Among the productions premiering at the Prototype Festival of new opera and music theatre in New York this month is Adoration, a chamber opera adapted from the 2008 Atom Egoyan film about an orphaned high-school student and a foiled act of terrorism.
Running concurrently with the annual festival (Jan. 10-21), is Opera America’s New Works Forum, which includes the showcase Creators in Concert: Canadian New Works. Which prompts the question: Is Adoration a Canadian opera?
“It could be, in that many people on the creative team are from Canada,” says Beth Morrison, of Beth Morrison Projects, creators and producers of new opera theatre and music theatre and the co-founder of Prototype, now in its 11th season. “But it’s more of a hybrid North American work.”
Beyond Egoyan’s obvious source-material connection, Canadian content also comes in the form of Juno-nominated soprano Miriam Khalil, part of the cast. And Canada’s Royce Vavrek is the librettist for the opera, which was workshopped last summer at the Banff Centre for Arts and Creativity.
Morrison spoke with The Globe and Mail about Prototype Festival, the new quasi-Canadian opera and how what could be described as a mutual Adoration society made it happen.
How did the chamber opera adaptation of Adoration come together?
It began with my interest in Mary Kouyoumdjian, a wonderful young composer who had never written an opera. I wanted to be the one to give Mary her first experience with that.
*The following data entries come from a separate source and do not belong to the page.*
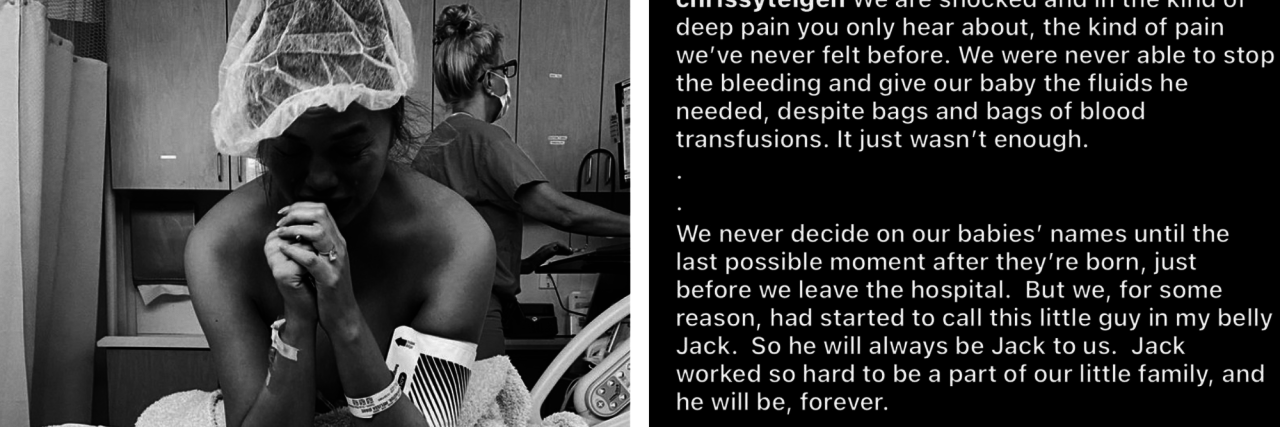 Chrissy Teigen Pens Emotional Blog Post About Miscarriage Chrissy Teigen's Instagram post detailing her miscarriage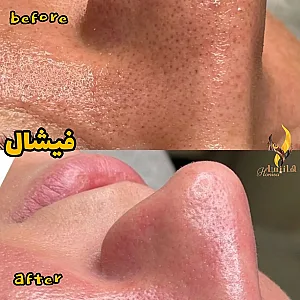 کلینیک هانیسا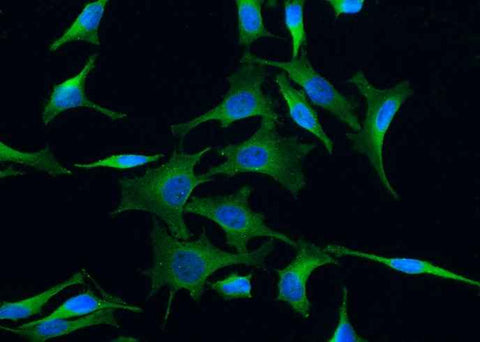Anti-Human NTRK3 Antibody [A1013] - ABMIUM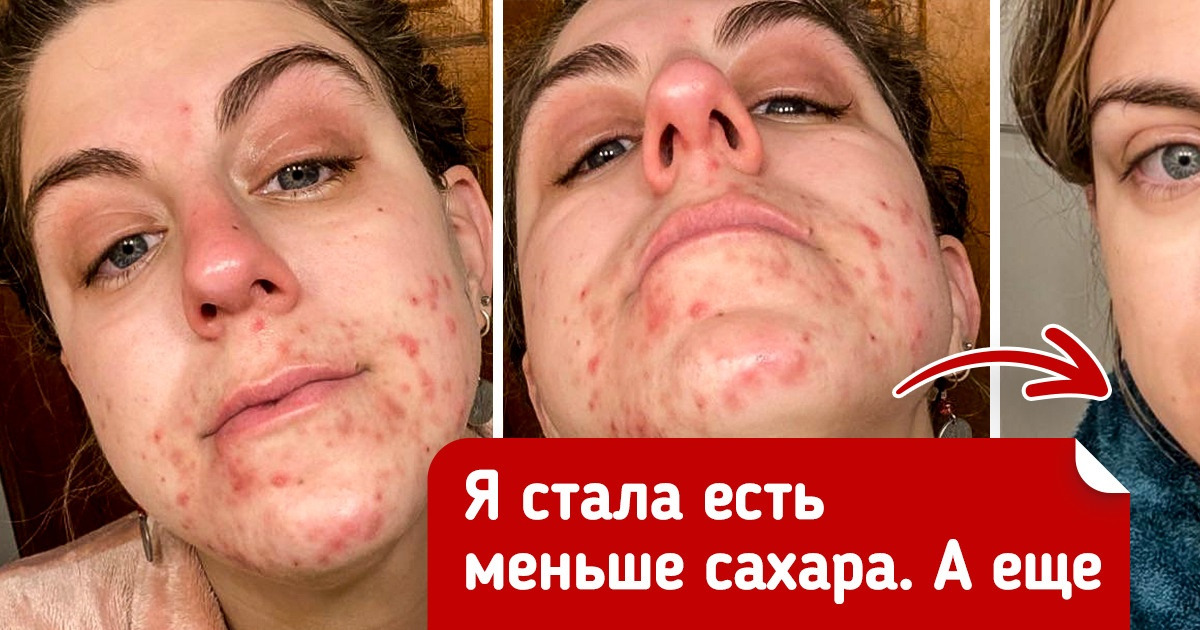20+ человек, которые сделали снимки «до» и «после» и сами ахнули от прогресса 20+ человек, которые сделали снимки «до» и «после» и сами ахнули от прогресса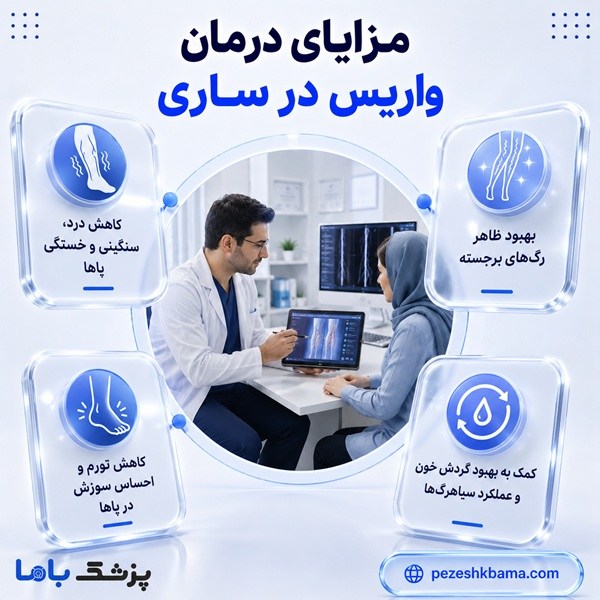 مزایای درمان واریس در ساری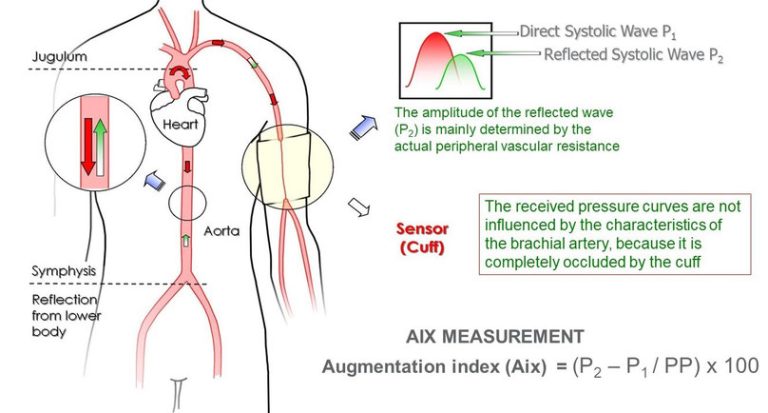 Augmentation Index | Arteriograph Company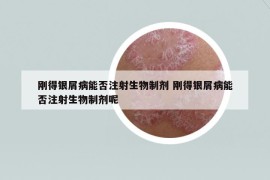 剛得銀屑病能否注射生物制劑 剛得銀屑病能否注射生物制劑呢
Then I brought in a seasoned librettist who we’ve worked with a lot, Royce Vavrek. When I asked them what they wanted to do, they discovered a shared love for Atom Egoyan’s work. They began sending me his films. Adoration seemed to me to be the easiest one to adapt to our medium.
Egoyan is an opera director as well as a filmmaker. Did Royce know him?
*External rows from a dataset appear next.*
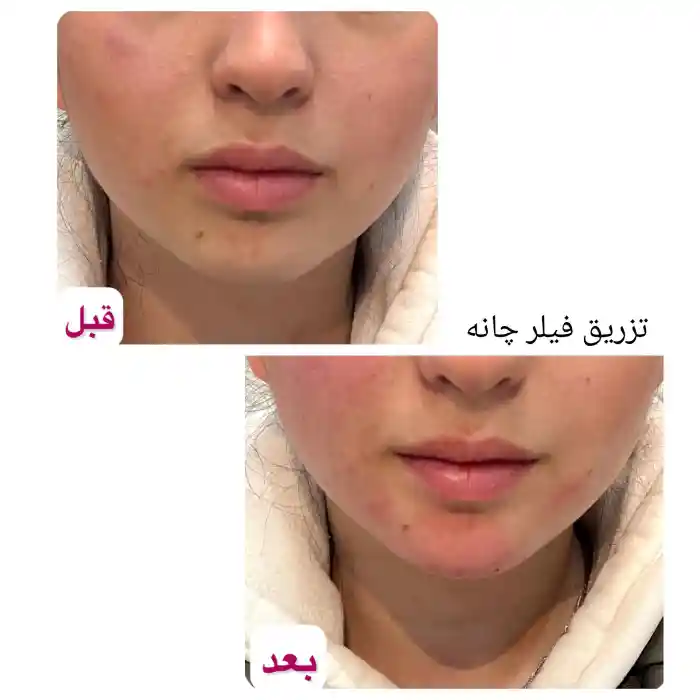 تزریق ژل چانه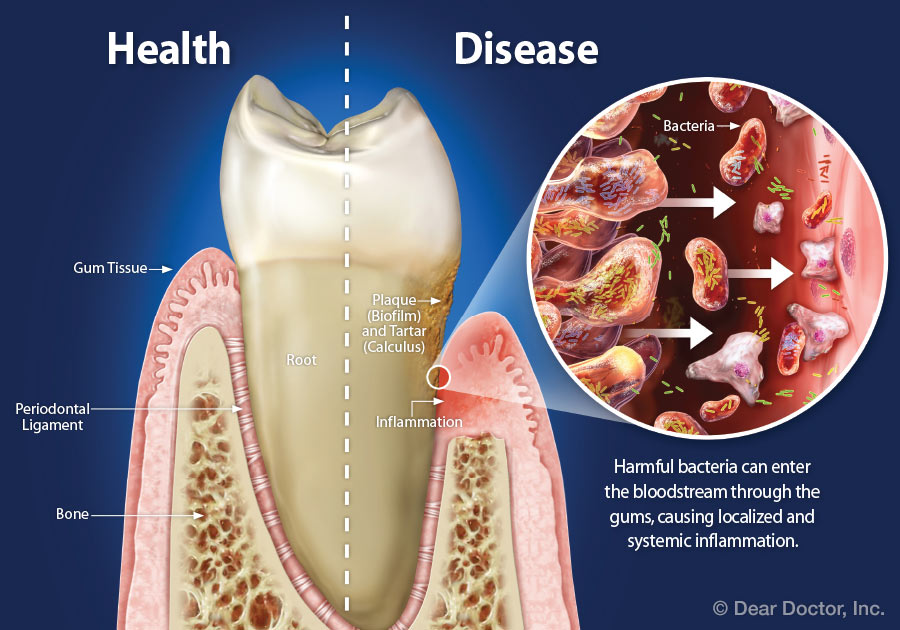 Gum Disease And Systemic Health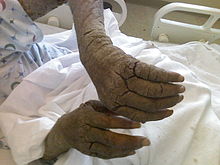 Diffuse thickening of the skin over an adult's bilateral arms and fingers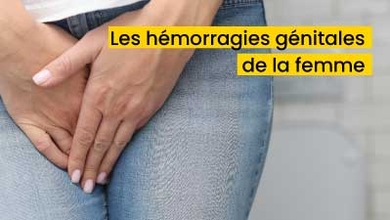 Les hémorragies génitales de la femme 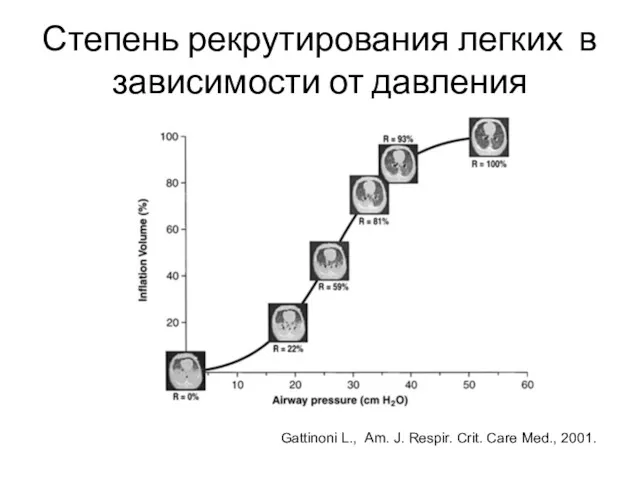 Степень рекрутирования легких в зависимости от давления Gattinoni L., Am. J. Respir. Crit. Care Med., 2001.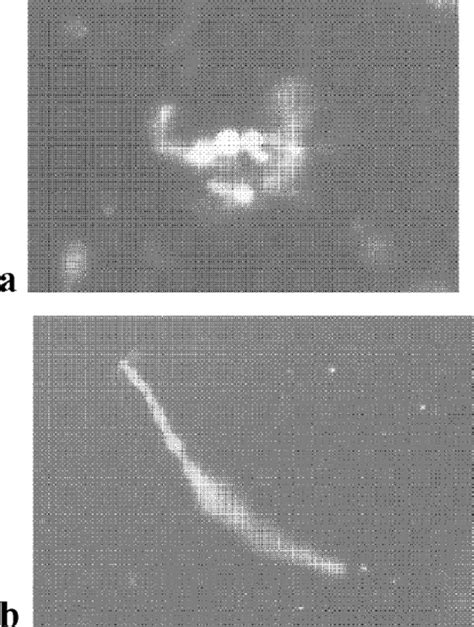 Direct microscopy examination of CF patient sputum samples that were... | Download Scientific ...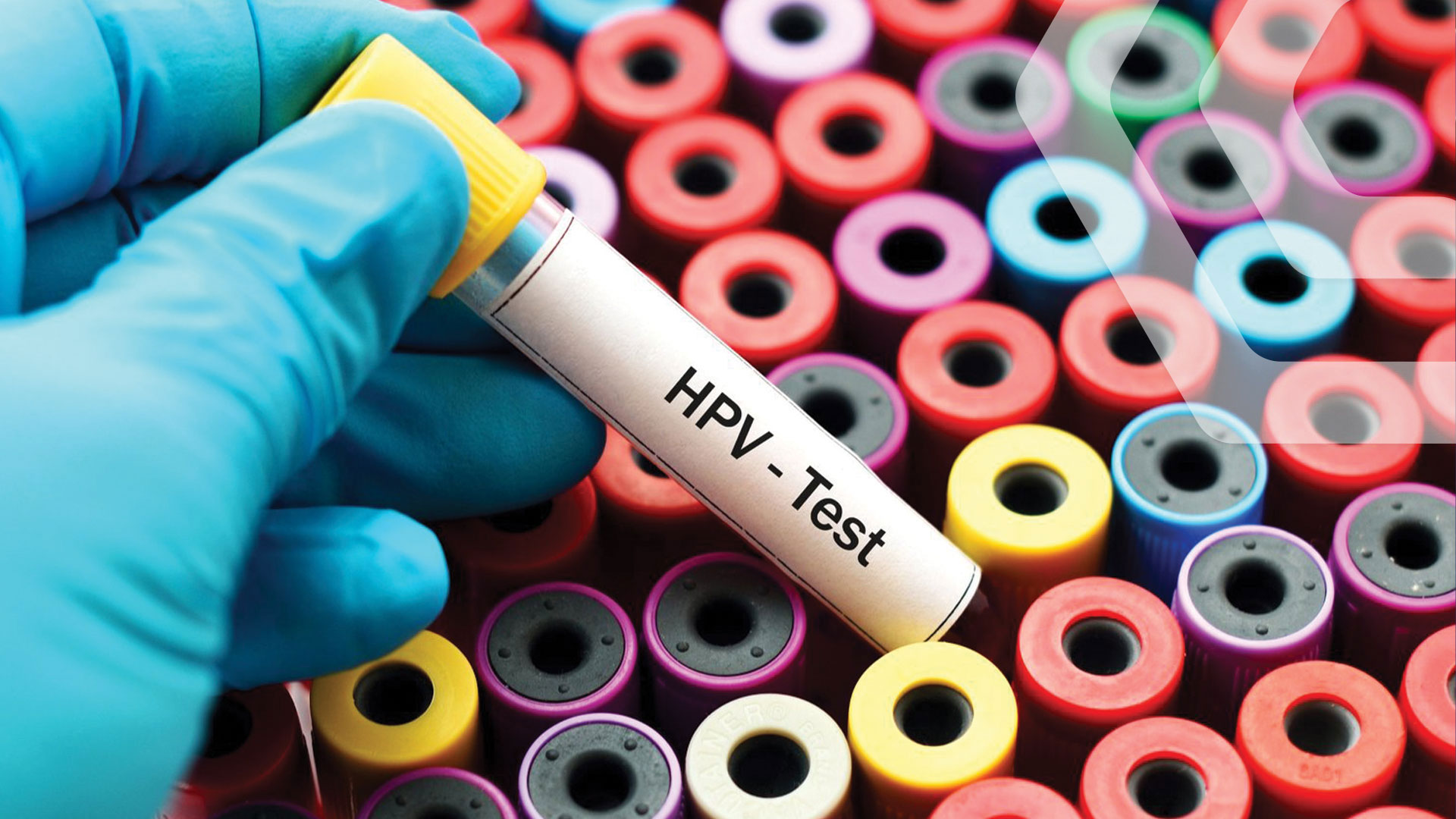 Pap Test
It’s a fun story, about them meeting. Royce was at the Metropolitan Opera seeing something when he noticed Atom in the standing-room section. He approached him and said he was a huge fan of his work and told him he was a librettist and that he would love to adapt something. They went out for coffee and Atom basically let Royce have carte blanche. He knew Royce’s work from Angel’s Bone, which we did at Prototype.
Is Atom involved with the Adoration opera?
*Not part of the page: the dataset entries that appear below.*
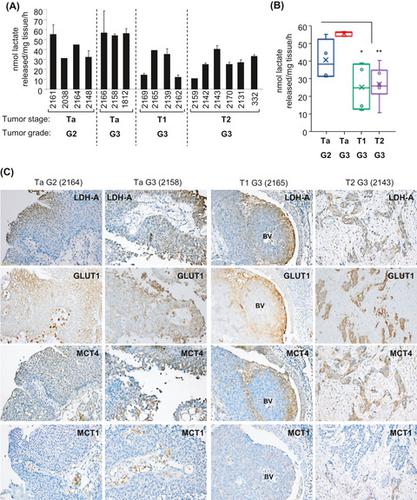 Warburg 效应作为膀胱癌的治疗靶标和相关分子靶标的肿瘤内异质性 Cancer Science X Mol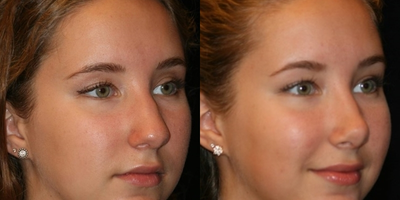 Rhinoplasty before and after photo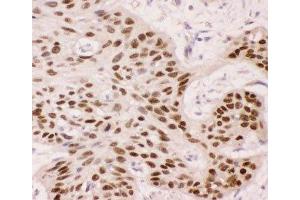 IHC-P: p63 antibody testing of human oesophagus squama cancer tissue (TCP1 alpha/CCTA 抗体  (AA 311-680))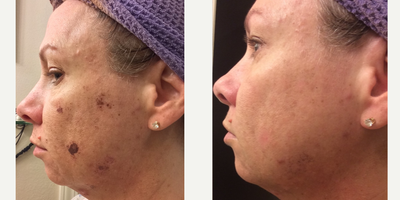 IPL before and after photo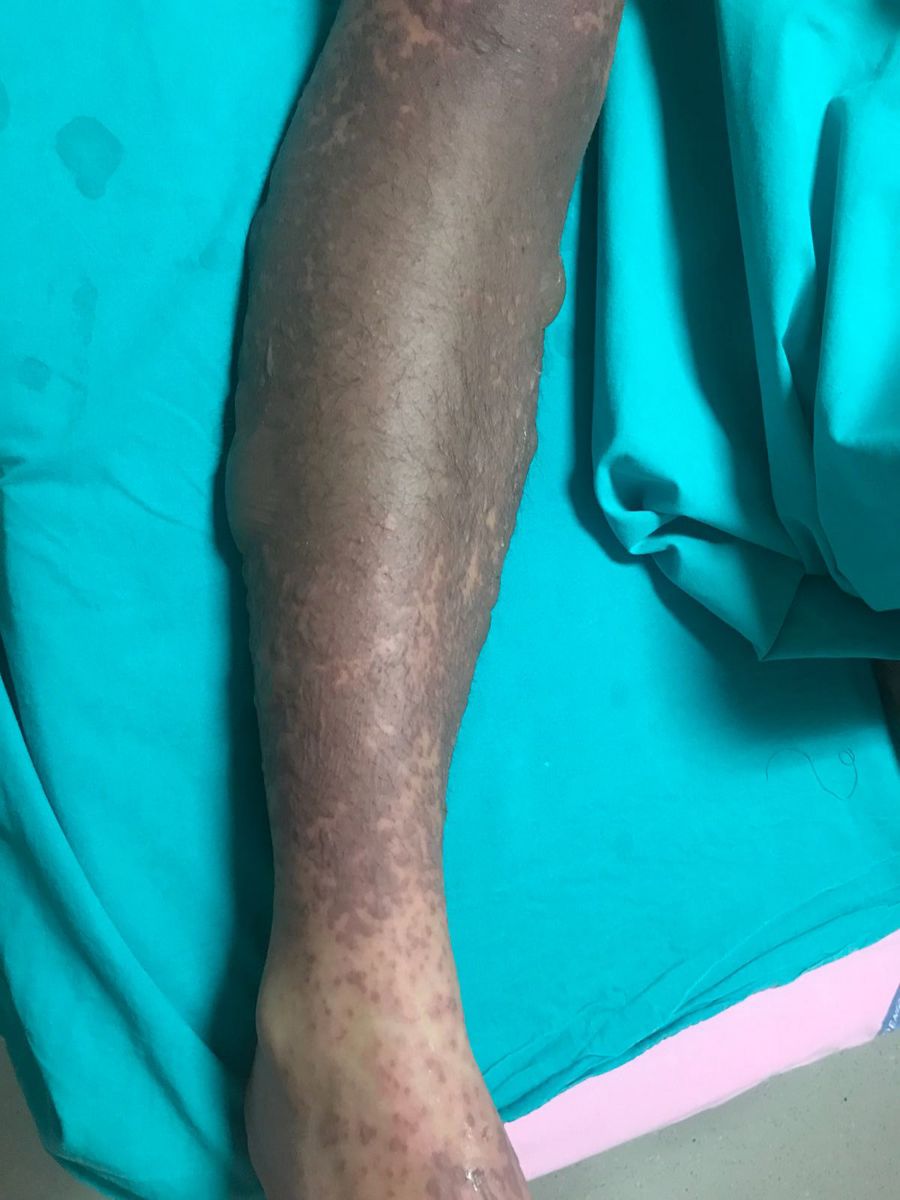 Sınav kaygısı için doktora gitti, bu hâle geldi!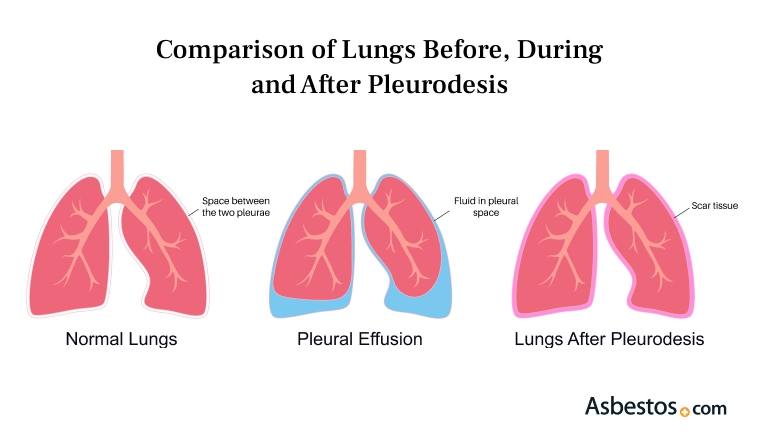 Comparison of lungs, before and after pleurodesis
He has not been involved in the creative process. But Mary and Royce have been in communication along the way.
There is a film component to the opera, yes?
It’s very cinematic. the director we choose, Laine Rettmer, works in film and photography and theatre. The opera weaves in live film, prerecorded film and stage work. There’s also an electronic soundscape accompanying the entire opera, along with our string ensemble, the Silvana Quartet.
Is an electronic soundscape something that resonates with younger audiences and people who don’t usually attend opera?
For sure. I’m always on a quest to bring people to this art form, including younger audiences. Certainly they identify with electronic music, and with sound design in general. It’s a way of evolving the form.
Which is what the Prototype Festival is all about, yes?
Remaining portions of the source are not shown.